Today, more companies produce some of the hitherto imported goods, like personal protective equipment, locally with some even exporting them, the CS said.
“The demand for locally-produced commodities can only grow.”
Kagwe said importing products into Kenya means exporting jobs out of Kenya.
“When you produce locally, you make the product available locally, so you don’t put yourself in a position where you are dismissed, looked down upon,” he said.
This also eliminates blackmail by countries that support Kenya, where aid and supplies come with strings attached.
Kenya has and will have no shortage of certain accessories in the vaccine roll-out because of firms like Revital Health, Kagwe said.
In March last year, Kenya had reagents for Covid-19 testing but no Viral Transport Medium (VTM) which meant testing could not be carried out.
“Today, you can cover not only our VTM requirement but also outside Kenya,” Kagwe told Revital Health.
He said the government will strive to improve the business environment for local manufacturing through legislation, infrastructure, and financial support.
For example, the government is spearheading a multi-stakeholder initiative that aims to explore mechanisms to support local manufacturing of all medical commodities in line with the Universal Health Coverage.
These include directives to procure locally available products from local manufacturers.
“We aim to reach at least 40 per cent from local manufacturers and suppliers,” Kagwe said.
He said they were working with the National Treasury and the Legislature to ensure laws are put in place to support local production.
These include reviewing bills in the health sector to make laws governing the industry more responsive to market demands.
“We wish to appeal to our lawmakers to expedite the proposal made through the Health (Amendment) Bill, 2020,” Kagwe said.

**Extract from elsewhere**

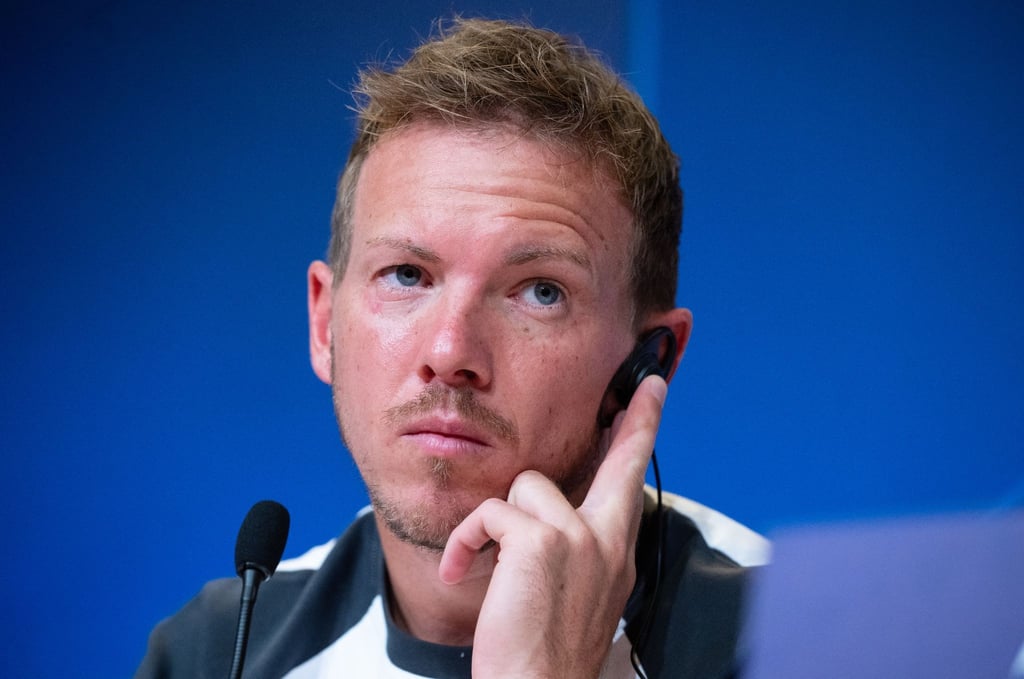 Erwartet vom Spiel gegen den FC Augsburg eine Ausbeute von drei Punkten: Trainer Julian Nagelsmann.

He asked MPs to carefully examine the Finance Bill that will be presented to the National Assembly by the National Treasury.
“In that Finance Bill is where we have presented as our proposals to the Treasury, ways to address the tax issues that have been a burden in terms of competitiveness of the suppliers,” Kagwe said.
He noted that Kenya has a tax structure where locally manufactured vaccines are disadvantaged via a tax and duty regime.
“We are working with the Treasury to ensure that we not only remove some of those taxes but indeed create incentives for local manufacturers so that they can also be creative in what they produce and they offer to our people,” the CS said.